Interview with Rick Fields

by DC early December 1995

Rick Fields cuke page

Memories of Suzuki-roshi by Rick Fields (from October '75 New Age Journal)


RF: I have something written about Suzuki-roshi which I could find and show to you but it’s nothing great. I remember a couple of things which aren’t momentous but they’re momentous to me.

One time I was smoking dope in Golden Gate Park and some people said, “let’s go over to Zen Center and sit and I guess that was the first time I went over and I went over and people were sitting in the old Synagogue, Sokoji, and we sat for a while and as we were going out there was a very long slow line going out and I couldn’t quite figure out what was taking everybody so long and then all of a sudden I went out this door and there was this guy with this little stick standing there bowing to everybody as they came out of meditation, one after the other and so he looked - I was surprised. I wasn’t thinking, now I’m going to go bow to Suzuki‑roshi cause I didn’t know that’s what was going on. All I knew was that everybody was walking real slow. So my impression was that he looked right through me - or right into me but it sort of felt like right through me and he bowed to me or I to him - no, we bowed to each other. That was the first time I met him. It was 69 or so.

There was another time when I was sitting in the zendo on Page Street and he came and he put his arms around me not touching me and took my hands and sort of um lifted them up and down - not lifting them but like I was being too stiff. There were in the meditation mudra. So all of a sudden I felt these hands come behind me and he sort of shook my hands a little bit or moved them around - like they were the branches of a tree or something. That was an interesting transmission in some way till they were more relaxed and soft and so on.

At another time at Page Street there was this table for lunch or dinner and he was sitting there and the table was pretty empty for the moment so I sat down beside him and then I realized as maybe Dick Baker or Reb or whoever the heavies were at the time went and sat that I had sat in an exalted place where I wasn’t supposed to sit if I’d known what the scene was but since I was so innocent - but he never said anything to me although everybody else liked like what the fuck are you doing here?

[DC comment: Anyone could sit anywhere in the Page Street dining room and anyone could sit next to Suzuki but some people might have given him weird looks though it’s also natural for people to feel intimidated unnecessarily in new surroundings]

I’ll try to find this other thing.

Tim Buckley was a friend of mine at Harvard and I stayed in his room across the street from Sokoji and that summer I was up at Tassajara for a day in the summertime and I hiked out with Alan Marlowe and a women who had lots of books - Maggie Kress. We hiked out with someone else to Big Sur.

Not much more than that really.

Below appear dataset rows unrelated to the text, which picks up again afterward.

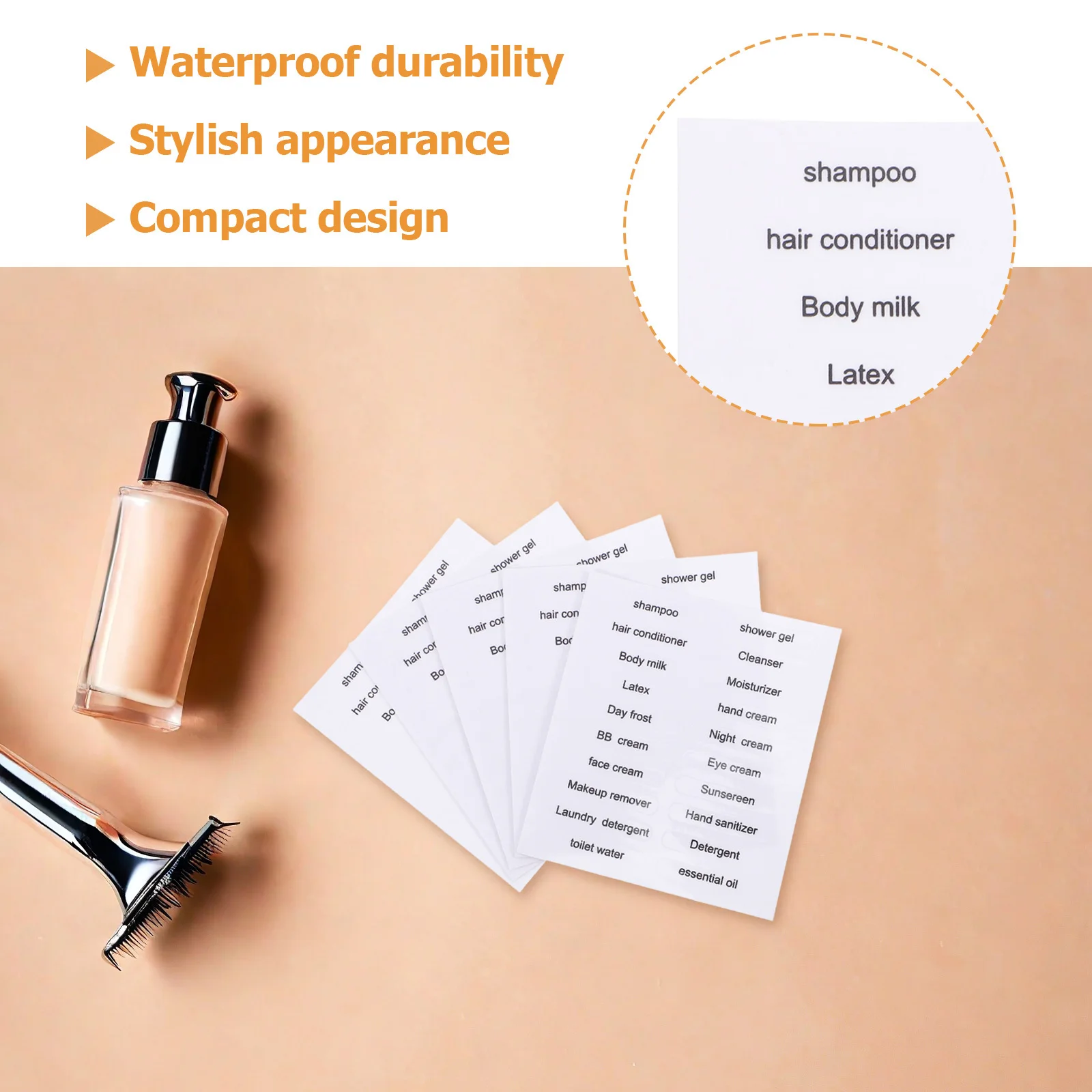 สติกเกอร์กันน้ำสำหรับห้องน้ำ 30 ชิ้น สำหรับติดขวดบรรจุภัณฑ์ขนาดพกพา สติกเกอร์ใสแบบลอกออกได้ สำหรับเครื่องใช้ในห้องน้ำ แชมพู โลชั่น น้ำมัน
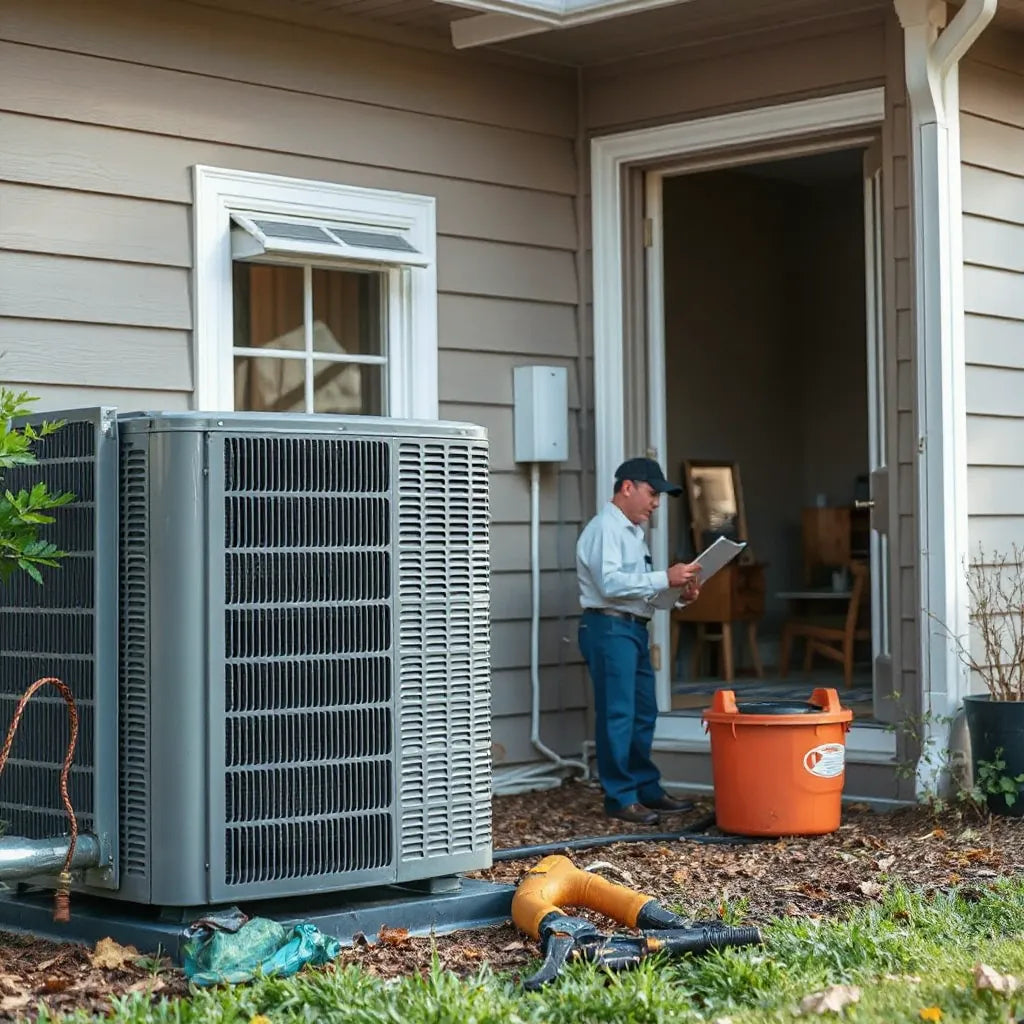 Technician inspecting an outdoor HVAC unit beside a home, with tools and clean airflow visible from an indoor vent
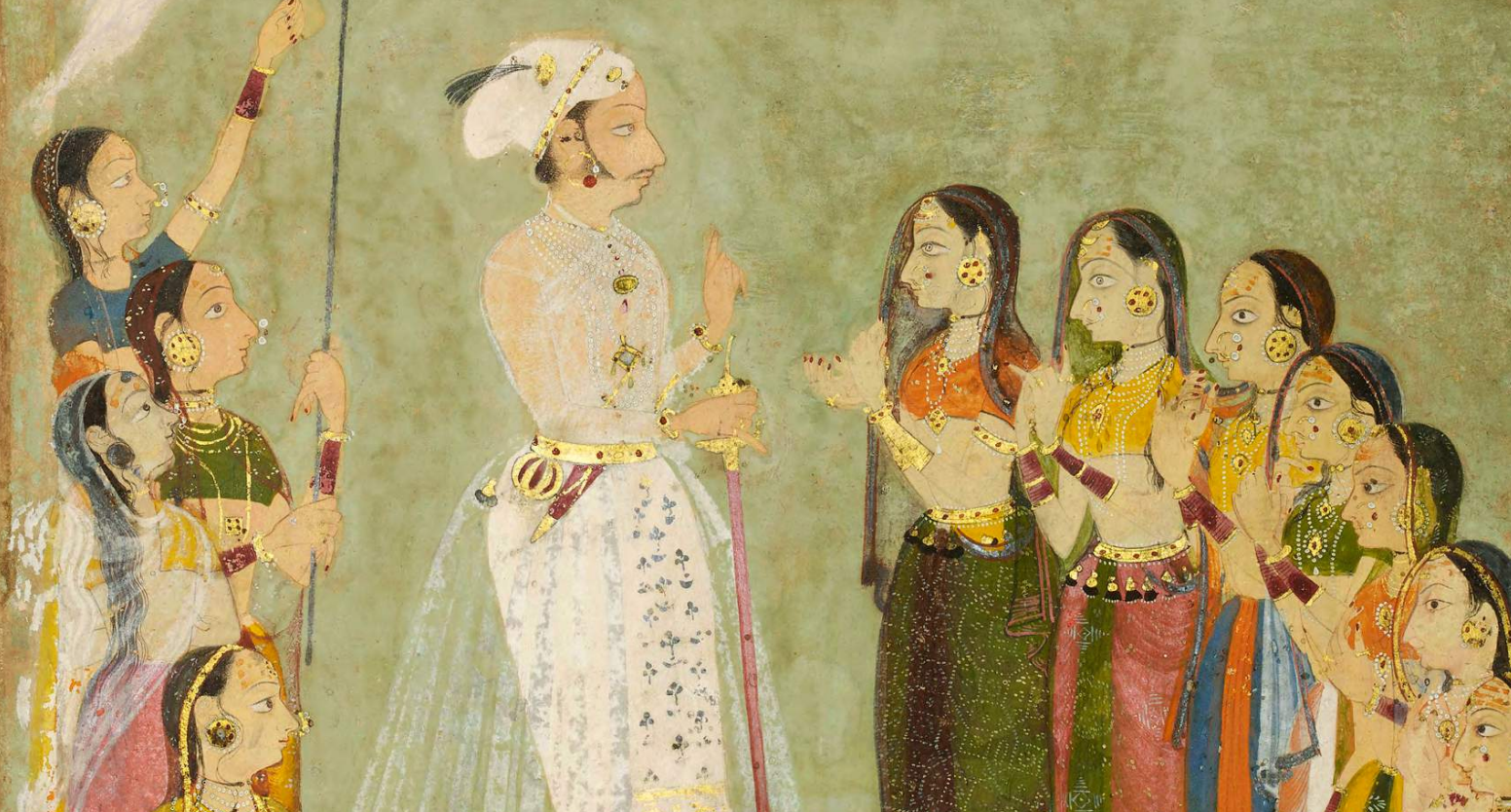 Prince Amar Singh of Mewar with ladies Udaipur, c. 1695, (detail)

I remember once I took acid and I felt that Zen Center was not a very acid-friendly place - the core.

DC: Did you hear Suzuki give any talks?

RF: Probably I did.

DC: Do you have any other impressions of him?

RF: Just those I gave you.

DC: Do you have any idea what he was teaching?

RF: Um. Not really - I don’t remember any of that particularly. You remember that guy Tatsugami? I was there when he arrived at Page Street. I remember that he had this big stick and that he went through the halls hitting people who were sitting zazen. It was shocking.

DC comment: Tatsugami Roshi arrived in the spring of 70 to be a guest teacher at Tassajara which he did for three practice periods. I’m sure what Rick is referring to happened during zazen. When Rick said “in the halls” he was surely referring to the gaitan or sitting area in the hall outside of the zendo downstairs at Page Street. Going down the aisles and hitting everyone with his stick would be a normal sort of ceremonial greeting in this case, and also an encouragement to practice. Suzuki Roshi used to do it now and then. It’s called rensaku and is definitely a Japanese Zen thing.